Jade Prophet

Home > Other > Jade Prophet > Page 6
Jade Prophet Page 6

by Sam Abraham


  One of the cops moved to strike her, but Shen stopped him. “Your mother’s given name is Hua.”

  Li smothered her fury. “Where is she? Quit licking my ass and tell me.”

  Shen smiled. “If you can behave, I’ll tell you anything you want to know.” He took a drag of a Zhonghua, favoring the old-fashioned cigarette as a mark of loyalty, and looked at her with fierce, discerning eyes. “Can you behave?”

  She seethed. “Yes, Laoshi,” she said.

  “Bring her,” Shen grunted.

  He led the cops out of the main entrance. Normal people heading to the train stared at her, in her torn smock and stolen shoes, her arms pressed painfully behind her. She thought of the girl Zhu, with no one to help her. Then she was shoved into a black selfdrive idling at the curb. Shen got in across from her and focused his eyes on a holo that slid the car door shut, leaving them in private.

  “Where is my mother?” Li said as she rubbed her wrists, tired of games.

  “With your father, near Nanjing,” her teacher said, smiling sharply. “You may go to them, of course. On the way, I hope you will first go visit the scientist who invented the technology enabling your enhancements. We want you to talk to him.”

  “And if I refuse?” Li said.

  Shen shrugged. “Walk away if you want. But my offer to you was clear: reunification with your mother in exchange for your service. Her location is a state secret. If I trust you with these details and you betray that trust, you would probably need to be lobotomized. Forgotten.”

  “You would do that to me?”

  “It is not up to me. You and I, Xuesheng, are just stones in a much larger game of go.”

  Li was quiet for long moments. She thought about her dream and looked down at her filth, and said, “And I suppose that kidnapping me and shipping me off as a slave was just part of your game?”

  “That quarry gang has been on our target list for years,” Shen said, ignoring her anger. “The Complex thanks you for dispatching them as part of your training.”

  Unable to believe her ears, she hissed, “How can you call that training?”

  “A strike team was being queued, with the assumption of at least fifty percent collateral damage. As an undercover agent, you saved lives.” He gave her a patronizing sigh. “And I needed you to learn how to kill. Now that you are a killer, you can help us in ways few others can. You can do what it takes to fight forces threatening the stability of our society.”

  “Something impossible happened, Laoshi,” Li said, slowly. “An electrical storm. Inside, as I was escaping. Did I really cause it? When you told me in the Complex, I’m not sure I believed you.”

  “You come from a special family,” Shen said. “There is so much more I can teach you. So, will we work together? Can I trust you?”

  Li saw her teacher consider her as if everything depended on her next move. She nodded.

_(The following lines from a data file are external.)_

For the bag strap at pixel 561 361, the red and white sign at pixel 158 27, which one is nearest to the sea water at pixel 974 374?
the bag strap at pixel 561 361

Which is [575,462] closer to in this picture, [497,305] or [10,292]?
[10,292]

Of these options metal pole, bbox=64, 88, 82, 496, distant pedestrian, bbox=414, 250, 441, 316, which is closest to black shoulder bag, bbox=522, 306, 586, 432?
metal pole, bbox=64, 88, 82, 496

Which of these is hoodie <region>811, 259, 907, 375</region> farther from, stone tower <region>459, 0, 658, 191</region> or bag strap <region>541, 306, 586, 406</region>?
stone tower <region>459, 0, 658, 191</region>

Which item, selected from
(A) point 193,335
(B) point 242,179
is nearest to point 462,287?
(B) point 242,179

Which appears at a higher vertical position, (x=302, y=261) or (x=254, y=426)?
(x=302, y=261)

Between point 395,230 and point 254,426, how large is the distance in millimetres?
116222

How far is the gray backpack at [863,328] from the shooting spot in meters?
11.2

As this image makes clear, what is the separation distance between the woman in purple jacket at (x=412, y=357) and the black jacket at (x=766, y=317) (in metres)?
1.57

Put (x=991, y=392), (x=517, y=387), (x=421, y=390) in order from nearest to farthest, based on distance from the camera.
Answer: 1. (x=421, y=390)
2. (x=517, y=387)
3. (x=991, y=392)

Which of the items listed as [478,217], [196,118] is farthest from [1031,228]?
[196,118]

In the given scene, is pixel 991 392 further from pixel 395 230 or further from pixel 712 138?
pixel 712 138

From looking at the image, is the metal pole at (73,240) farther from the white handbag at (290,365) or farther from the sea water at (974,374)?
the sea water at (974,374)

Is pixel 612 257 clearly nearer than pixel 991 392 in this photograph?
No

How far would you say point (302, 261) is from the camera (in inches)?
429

  “A wise decision, Xuesheng. Your contact is in the town of Jingdezhen. He is working with this engineer I spoke about, Dr. Yang. Yang has discovered how to use longshui as an energy source. You must help Yang conduct an important experiment.”

  “Why not just send in the Army to watch him?” Li said.

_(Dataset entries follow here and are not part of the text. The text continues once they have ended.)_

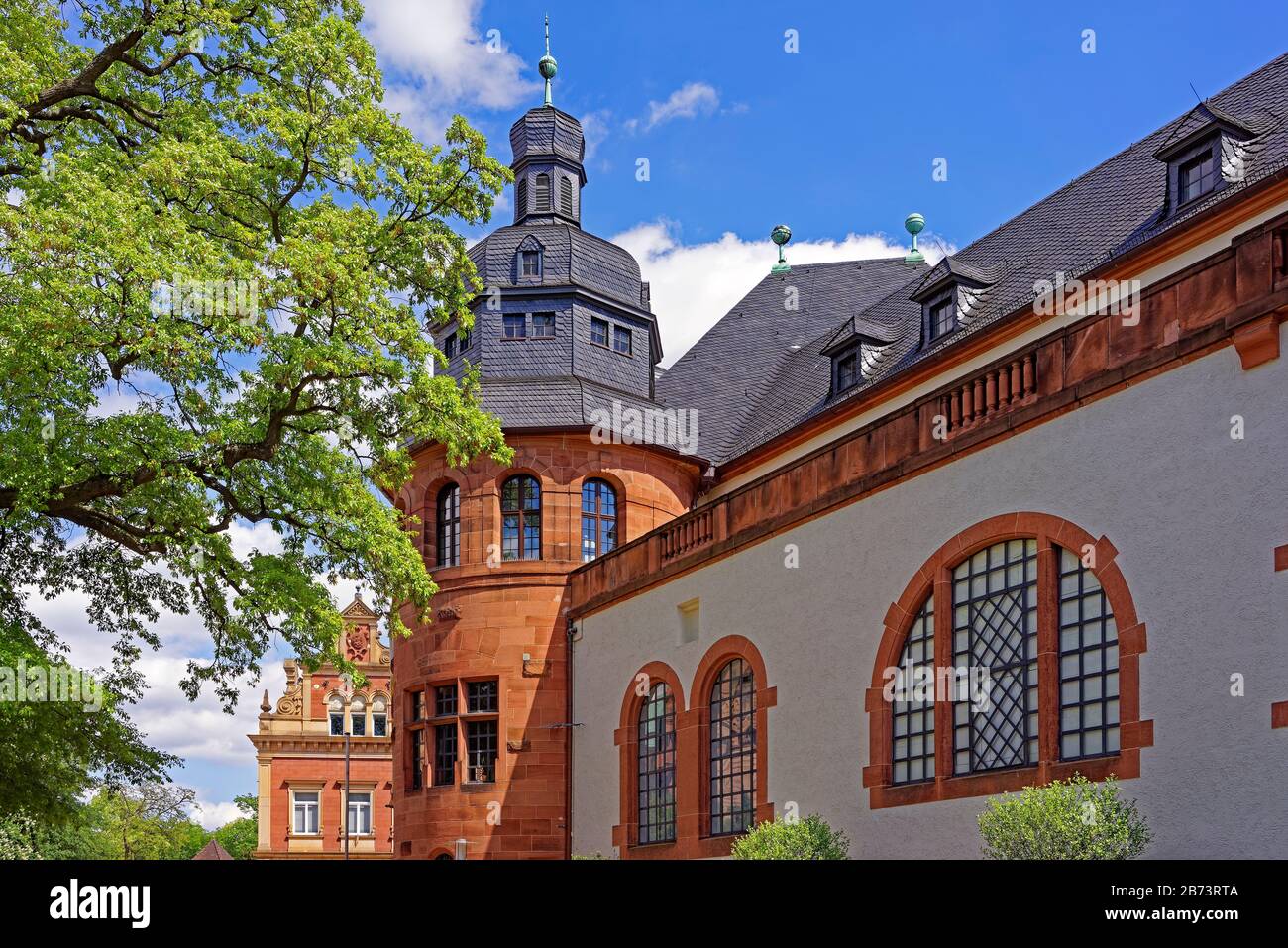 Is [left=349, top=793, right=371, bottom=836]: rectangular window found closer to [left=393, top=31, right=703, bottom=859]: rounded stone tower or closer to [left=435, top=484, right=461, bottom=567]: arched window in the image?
[left=393, top=31, right=703, bottom=859]: rounded stone tower

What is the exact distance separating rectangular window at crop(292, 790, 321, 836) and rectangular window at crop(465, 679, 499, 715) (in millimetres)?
33113

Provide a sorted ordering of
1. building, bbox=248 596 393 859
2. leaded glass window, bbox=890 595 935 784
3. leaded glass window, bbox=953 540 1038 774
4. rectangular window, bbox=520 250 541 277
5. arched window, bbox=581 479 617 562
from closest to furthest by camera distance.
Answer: leaded glass window, bbox=953 540 1038 774 → leaded glass window, bbox=890 595 935 784 → arched window, bbox=581 479 617 562 → rectangular window, bbox=520 250 541 277 → building, bbox=248 596 393 859

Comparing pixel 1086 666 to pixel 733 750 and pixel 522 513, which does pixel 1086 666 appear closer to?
pixel 733 750

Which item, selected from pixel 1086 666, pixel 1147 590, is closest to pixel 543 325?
pixel 1086 666

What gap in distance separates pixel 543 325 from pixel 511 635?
618cm

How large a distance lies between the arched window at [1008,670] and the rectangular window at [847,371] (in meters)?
8.76

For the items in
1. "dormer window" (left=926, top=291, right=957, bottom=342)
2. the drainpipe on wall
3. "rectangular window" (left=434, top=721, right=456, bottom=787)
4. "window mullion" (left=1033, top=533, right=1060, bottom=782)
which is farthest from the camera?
"rectangular window" (left=434, top=721, right=456, bottom=787)

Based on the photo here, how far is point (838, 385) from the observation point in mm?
24047

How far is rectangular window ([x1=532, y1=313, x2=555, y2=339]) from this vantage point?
27.1 metres

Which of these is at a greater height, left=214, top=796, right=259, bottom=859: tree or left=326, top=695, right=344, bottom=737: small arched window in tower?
left=326, top=695, right=344, bottom=737: small arched window in tower

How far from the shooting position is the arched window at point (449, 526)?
85.1 ft

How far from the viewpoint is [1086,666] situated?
12.9 meters

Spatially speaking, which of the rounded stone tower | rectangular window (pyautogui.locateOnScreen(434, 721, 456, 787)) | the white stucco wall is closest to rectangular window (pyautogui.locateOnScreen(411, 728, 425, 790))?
the rounded stone tower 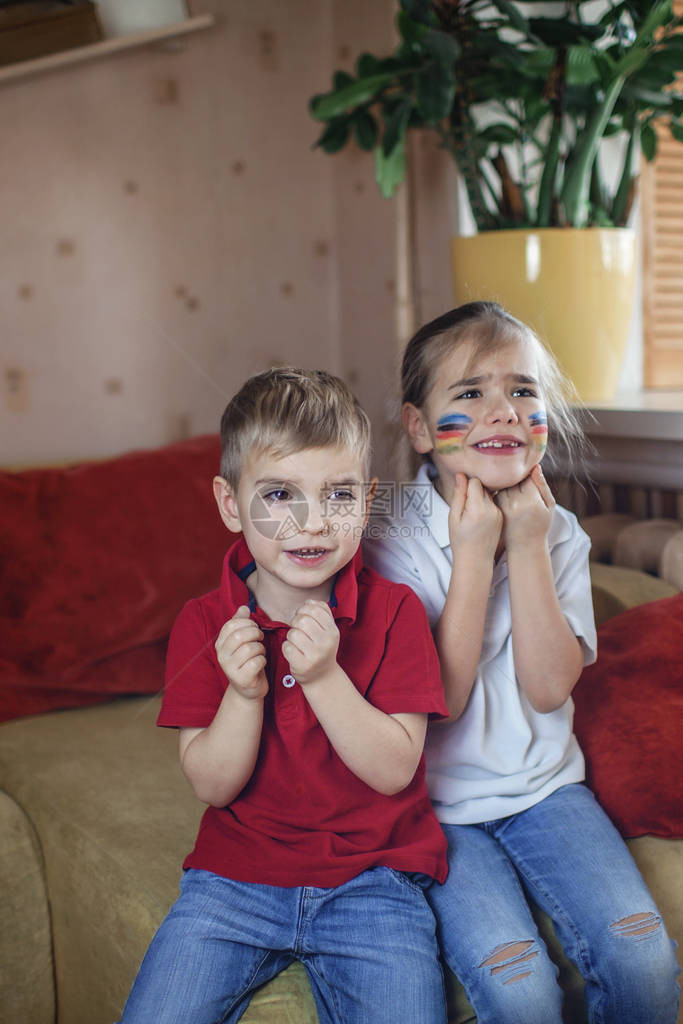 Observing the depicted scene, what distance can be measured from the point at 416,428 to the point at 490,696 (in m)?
0.30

  Shen shook his head. “There are few others we can trust.”

  “What about Yang?” she said. Her teacher’s silence confirmed her suspicion. “Why not?”

  “I feel terrible,” Shen said, “sending my best student into a den of jackals. But for the sake of national security, you must help Yang. When his work is complete I will take you to see your mother.” Shen handed Li her old holobeads. “I’ve loaded sensitive data onto these,” he said as his student took them. “Don’t lose them again.”

  Li put the beads in her ears and lit them up, projecting a digital display across her face. The cursor followed her eyes to the bottom of the screen, to a folder named Project Longshui, and her eyes swam in digital images. She found details of the meet point, a tent emblazoned with horses. As she de-ionized the air in front of her eyes and pulled the holobeads into her palm, Li looked at Shen apprehensively. “If you can’t even trust the Army to keep him safe,” she said, “where is Yang, anyway?”

  “In the Ghost Lands,” Shen said.

  Chapter 12 – Pi (否)

  In Accordance With Heaven

  Li stared out the window of the sonic train as the walls of the Pearl River Delta grew distant behind her. The blisters on her feet had healed, but the nightmare of the quarry was fresh in her mind. As she sped north into the abandoned waste, she told herself she wasn’t doing her teacher’s bidding because she couldn’t stop thinking about her mother, or because she had nowhere else to go.

  Beyond her window, Li watched dying trees open into a cavity cutting through the countryside. Jiangxi Province used to be all pine forests and paddies, Li knew. In the old days, the mountains were wild, places of legend hiding demons in mists. But that was back when waterfalls poured into lush valleys, when green terraces brought forth sugarcane and persimmons and tea. Back when life grew from the earth.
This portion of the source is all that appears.